GBS outbreaks are described as “very rare” by the US Centers for Disease Control and Prevention since it affects typically one or two in a population of 100,000.
The Pune episode underscores the mounting challenges for public health surveillance globally as uncommon disorders are spotted more often, newer disease strains emerge and centuries-old afflictions see a resurgence.
After the Covid pandemic in 2020 caused by a novel coronavirus, outbreaks of old-era diseases like whooping cough to polio have been reported across continents.
Newer complications of existing ailments are also on the rise.
Japan saw a record number of streptococcal toxic shock syndrome (STSS) cases last year where people were dying within 48 hours. The Democratic Republic of Congo saw a mysterious ‘Disease X’ afflicting more than 500 in December, soon after it was ravaged by a new mutated strain of mpox.
Pune’s GBS outbreak is the first in Asia in recent years, with previous surges recorded in South America. It shows the urgent need to ramp up urban development in India’s rapidly expanding cities, which are sometimes unable to provide even the basic facilities like cleaning drinking water. About half of Pune’s GBS cases have been detected from newly added villages in the city municipality.

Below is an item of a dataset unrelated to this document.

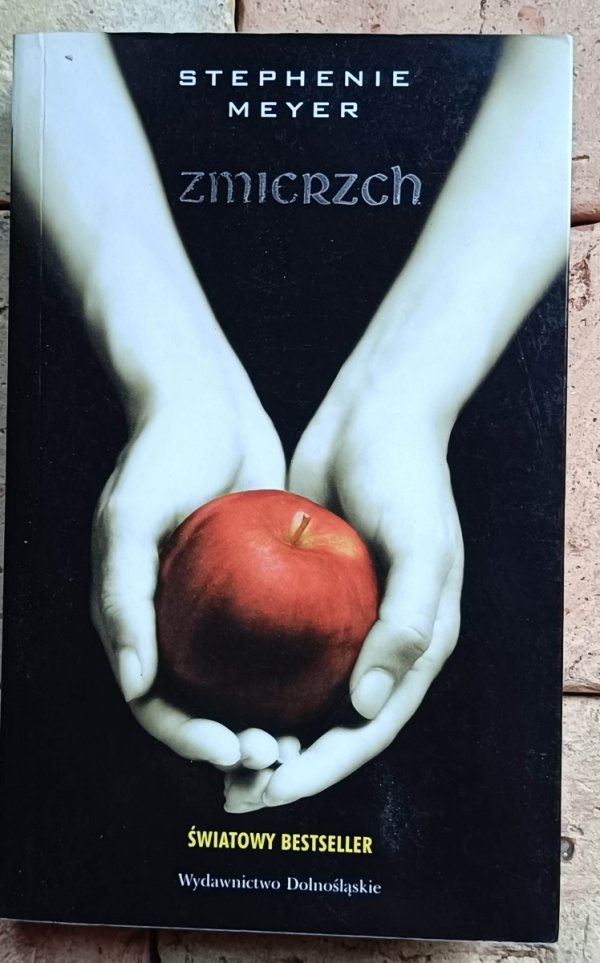 Stephanie Meyer - Saga Zmierzch [Tomy I-IV] - okładka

While the origins of this life-threatening condition is not entirely clear, most GBS cases follow a bacterial or viral infection.
Aradhana Chauhan, neurologist at Sahyadri hospital in Pune said that the syndrome was predominantly preceded by diarrhea in the GBS cases she had seen.
City authorities are working with state and federal medical teams as well as the World Health Organisation to trace and treat the suspected cases.
Biochemical analysis of water samples from across the city is also underway and 55 samples were found contaminated, according to the February 9 note.
WHO is assisting health authorities in Pune, Maharashtra, to tackle suspected and confirmed cases of GBS. WHO teams are on the ground training health workers, conducting active case searches, and ensuring timely diagnosis and treatment.
Working closely with Pune Municipal Corporation and state authorities, WHO medical officers are analyzing epidemiological trends, mapping disease spread, and tracking new cases. They are also validating household visits, monitoring response efforts, and participating in high-level health reviews.
WHO remains committed to strengthening surveillance and response to contain the outbreak effectively.
This is the third disease outbreak for the Indian city over the past year, after Zika virus and Chikungunya cases surged in 2024.
There could be more than one pathogen at play in Pune that led to the spike of GBS cases in the aftermath, according to Carlos A. Pardo-Villamizar, professor of neurology and pathology at Johns Hopkins University School of Medicine.
“In the particular case of Pune, I think that the epidemiologist and clinicians need to be open-minded about the possibility that other infectious factors may be involved,” said Pardo-Villamizar, who has studied GBS outbreaks in Peru.